California Spay/Neuter Bill Adds Microchip Rules

Changes to the bill mandate some problem dogs must be microchipped.

California Assembly Bill 1634, now cited as the California Responsible Pet Ownership Act, was amended in the state’s Senate on Tuesday to mandate microchipping of certain problem pets and to give pet owners license fee discounts for microchipping and spaying or neutering their pets. 

The bill, which already proposed increasing fines for impounded intact animals, now mandates microchipping on the first or second impoundment by an animal control agency.

Current law states that a pet owner of an animal that has not been spayed or neutered and is impounded by animal control will be fined $35 on the first occurrence, $50 on the second occurrence and $100 on the third occurrence.

AB 1634 would increase the above fines for dog owners to $50 for the first occurrence, $100 and microchipping of the dog at the owner’s expense for the second occurrence and would require spaying or neutering of a dog at the third occurrence.

Cat owners would need to pay $50 and microchip the pet at the owner’s expense for the first occurrence and would require spaying or neutering of the cat on the second occurrence.

The amendment also eliminated violations of other animal control ordinances from the new, more stringent penalty structure, so the bill now only affects those intact animals that are caught running loose.

Under the bill, cited pet owners would be able to have fines waived by providing proof of the pet’s sterilization within 14 days of the violation and reduced by at least $30, and possibly waived altogether, with proof of having the pet microchipped.

The bill also provides exemptions for animals in poor health or in the state temporarily.

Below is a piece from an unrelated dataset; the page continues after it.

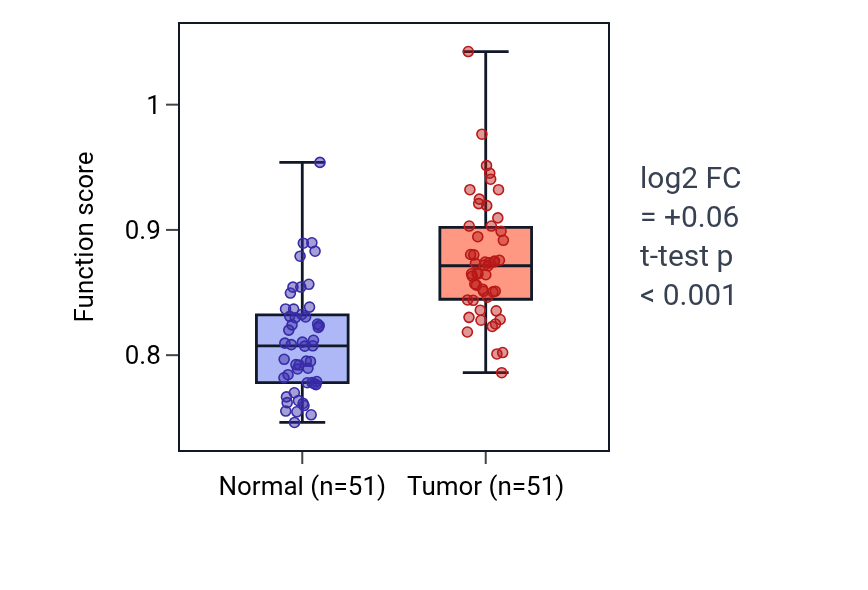 Tumor-vs-normal pathway-activity box plot for Positive regulation of neutrophil activation in KIRC.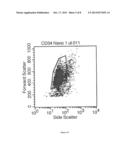 ENGRAFTMENT POTENTIAL OF EMBRYONIC STEM CELLS AND PLURIPOTENT STEM CELLS     USING MICRO RNAs diagram and image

Existing state law requires dog and cat license tags to be issued for half or less of the fee if the owner can prove their pet has been spayed or neutered. The amended bill would instead allow owners to pay 1) three-quarters or less of the license fee if the pet has been implanted with a microchip that can be used to positively identify the dog, its owner and the owner’s contact information; 2) half or less of the fee if the owner can prove their pet has been spayed or neutered; and 3) one quarter or less of the fee if the owner can prove their pet has been spayed or neutered and microchipped.